When participants fixated on a point near Eve’s face, the parrot, despite its bright coloration, tended to fade from visual perception if it did not directly attract the viewer’s gaze. This effect was consistent with the hypothesis that Rubens might have used the parrot not just as a symbolic or decorative element but as a deliberate technique to manipulate the viewer’s visual attention and perhaps to enhance the narrative focus on Eve.
Additionally, the researchers uncovered that this perceptual fading was influenced by microsaccades, small involuntary eye movements that play a role in maintaining visual perception. Together, these findings underscore the power of artistic elements to shape viewer engagement and highlight the sophisticated understanding of visual perception that artists like Rubens may have possessed.
“While we may never know why Rubens wanted to direct attention towards Eve, our findings show that his critical deviations from Titian’s painting have a powerful effect on oculomotor behavior—techniques that today’s marketers and designers may find useful,” said Alexander. “From a psychological standpoint, it also goes to show you that how and where we focus our attention is not just determined by what we see, but also how others want us to see it.”
However, the research also faced limitations, such as the study’s sample size and the artificial setting of viewing digital reproductions rather than the original artworks.

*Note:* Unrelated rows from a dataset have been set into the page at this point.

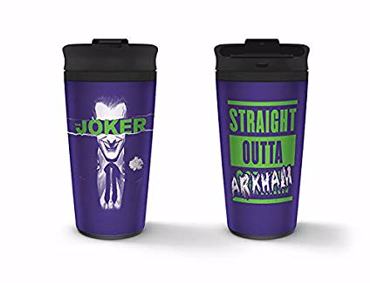 THE JOKER (STRAIGHT OUTTA ARKHAM)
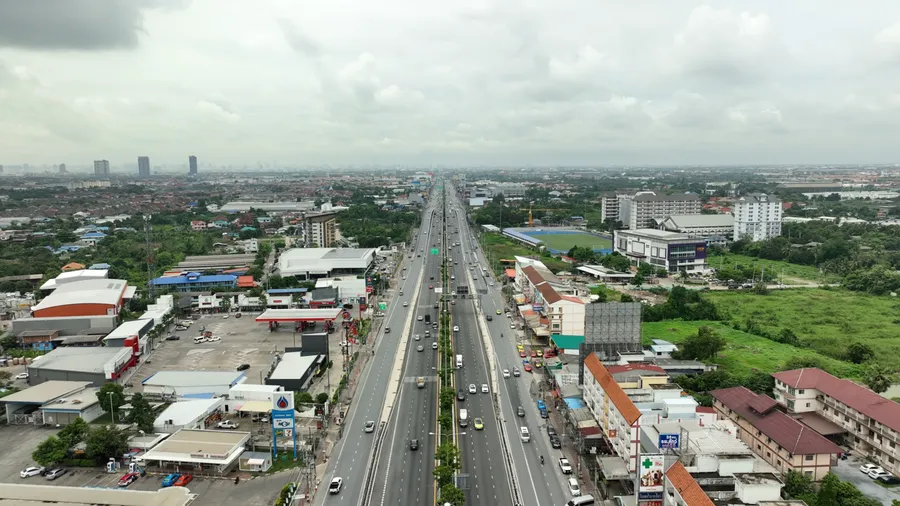 รวมบ้านทาวน์โฮมและบ้านหลังใหญ่ โซนราชพฤกษ์ - รัตนาธิเบศร์ - บางใหญ่ 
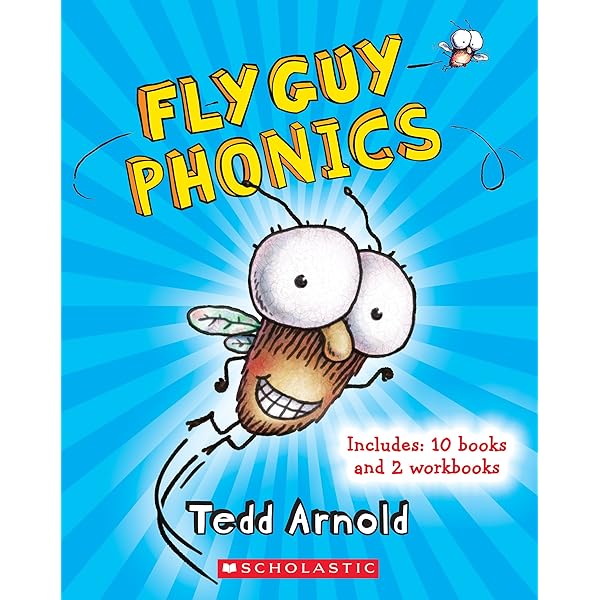 Amazon.com: Fly Guy Set of 11 Books: Hi Fly Guy, Shoo Fly Guy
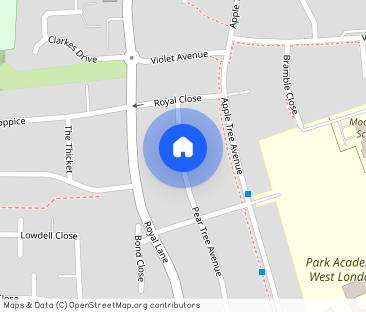 Pear Tree Avenue, Uxbridge, Greater London, UB7 - Photo 1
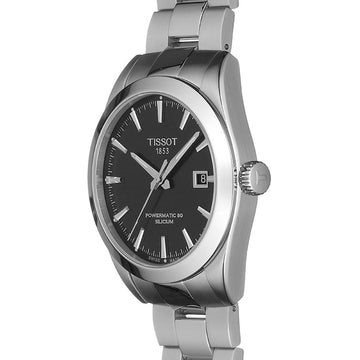 Tissot Gentleman Powermatic 80 Silicium Men's Watch T1274071105100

Future research could expand on these findings by exploring different art styles and periods or by employing more diverse and larger participant groups. Such studies could continue to unravel the complex interplay between artistic intent, viewer perception, and visual attention.
The study, “Why did Rubens add a parrot to Titian’s The Fall of Man? A pictorial manipulation of joint attention,” was authored by Robert G. Alexander, Ashwin Venkatakrishnan, Jordi Chanovas, Sophie Ferguson, Stephen L. Macknik, and Susana Martinez-Conde.